Polisi mengakui, kawanan perampok sampai berjumlah 50 orang itu
merupakan modus operandi baru. Kawanan yang biasa beroperasi di
daerah pemukiman orang berada di Jakarta, menurut Kadit Serse
Kodak VII Jaya Kol. Pol. Hindarto, biasa bergerak dengan 4
sampai 7 orang. Jumlah yang sedikit itu rupanya untuk memudahkan
mereka lari bila kepergok. Tapi yang tergabung dalam komplotan
itu bisa banyak jumlahnya.
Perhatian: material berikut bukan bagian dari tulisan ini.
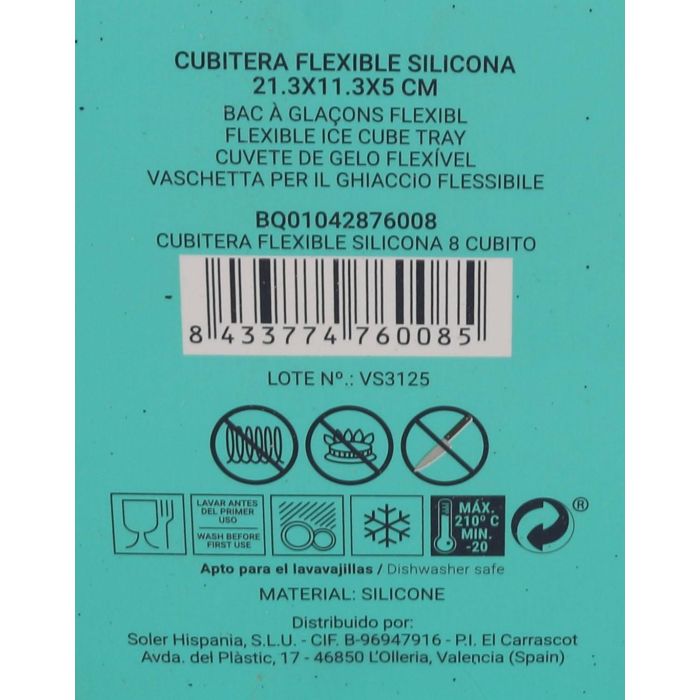 Cubitera Flexible de Silicona para 8 Cubitos - Quttin (24 Unidades) 13 Cubitera Flexible de Silicona para 8 Cubitos - Quttin (24 Unidades) 13
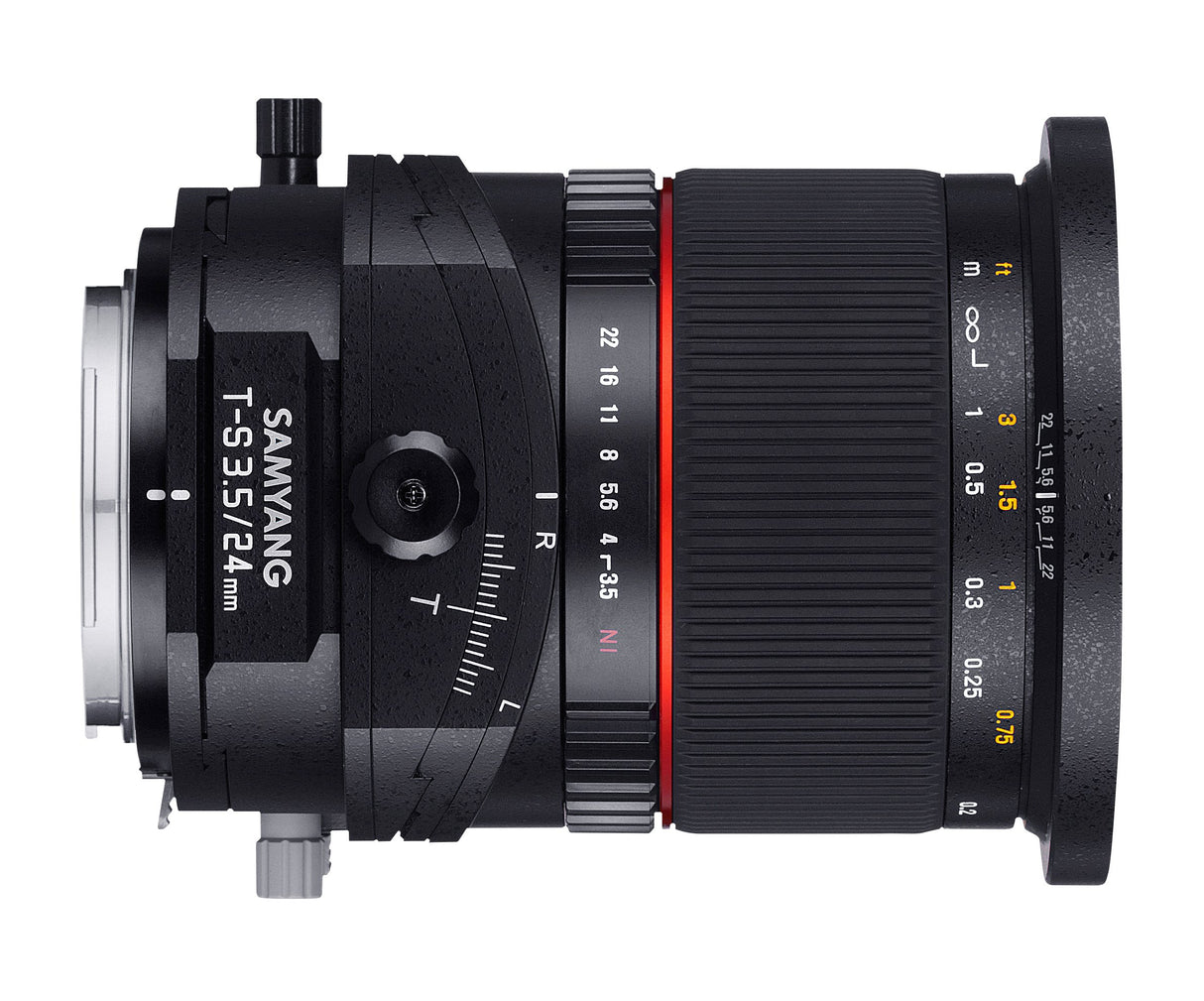 Samyang F1110905101 - Objetivo fotográfico DSLR para Sony A (Distancia Focal Fija 24mm, Apertura f/3.5-22 T/S ED AS UMC, diámetro Filtro: 82mm), Negro
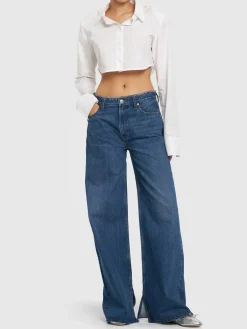 Jeans vita bassa loose fit in cotone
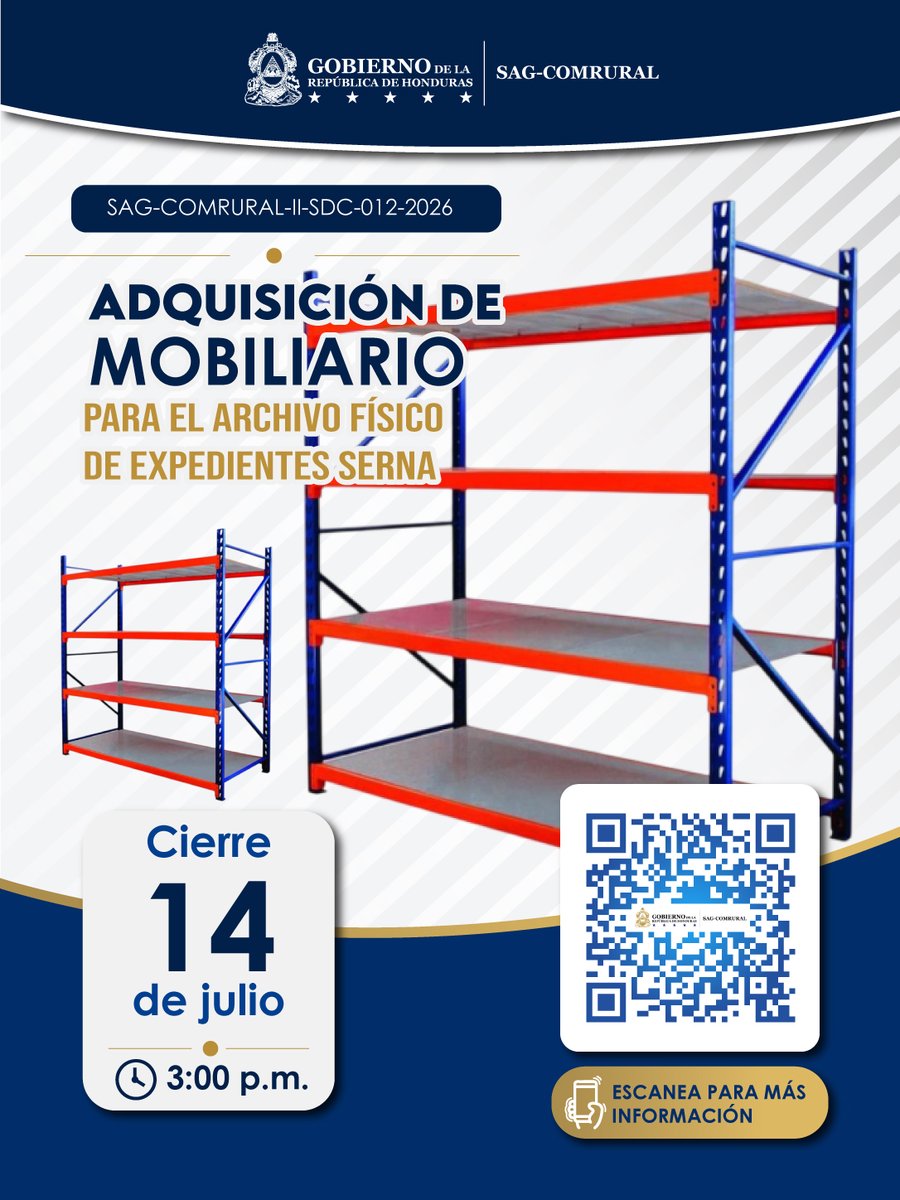 ComRuralHN's tweet photo. ADQUISICIÓN DE MOBILIARIO PARA EL ARCHIVO FÍSICO DE EXPEDIENTES SERNA
https://t.co/55onuNoZTX https://t.co/HzdEcS2UYB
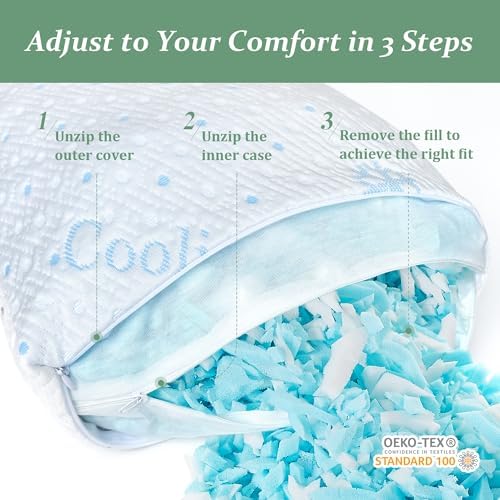 Cooling Body Pillow with Adjustable Memory Foam and Washable Cover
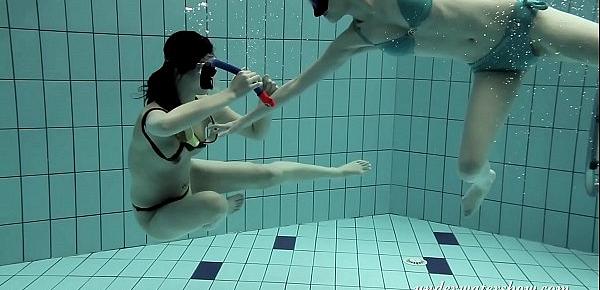  Girls swimming underwater and enjoying eachother
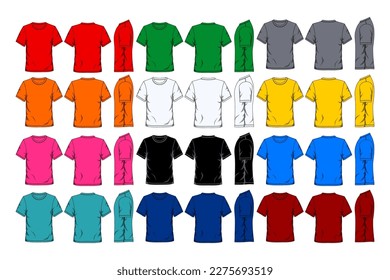 Colorful short sleeve t-shirt template, front, side and back view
Contohnya kawanan yang biasa
menyatroni rumah orahg asing, anggotanya sampai 22 orang.
Sepuluh di antaranya tertangkap dua pekan lalu, tak berapa lama
setelah merampok seorang warga negara Jepang serta menggerayangi
rumah Sudardji, Ketua PPP.
Tentang komplotan yang ini, Hindarto menolak anggapan seolah
mereka punya motif politik. "Kediaman orang asing itu menjadi
sasaran semata karena menyolok dibanding rumah di sekitarnya,"
katanya. Rumah Sudardji di bilangan Slipi pun menjadi sasaran
karena paling mentereng. "Mereka penjahat biasa," kata Hindarto
mencoba meyakinkan. Buktinya mereka tak tahu rumah siapa yang
sudah mereka satroni itu. Mayor Pol. Haryono, Kasi Pendak Kodak
IX Jawa Tengah, juga berpendapat bahwa perampokan di rumah
penduduk miskin tak punya motif selain mengisi perut.
Sampai pekan lalu, kawanan perampok di Semarang Selatan itu
belum tertangkap. Namun, kata Haryono, untuk membantu penduduk
di desa-desa yang dianggap rawan, beberapa polisi ditempatkan di
sana. Lengkap dengan peralatan dan senjata api. Maka polisi
optimistis, para bajingan itu akhirnya bakal terjaring juga.
Kata Hindarto, akhirnya "Kejahatan itu ibarat balon. Dipencet di
sini muncul di sana. Dan tak bisa dipencet di semua tempat,
sebab bisa mbledos (meletus)." Dengan kata lain, penjahat di
daerah-daerah terpencil itu beraksi semata karena tekanan dari
pihak aparat keamanan dibantu masyarakat yang terus dilancarkan
di daerah perkotaan. Dan bagaimana dengan yang di kota sendiri?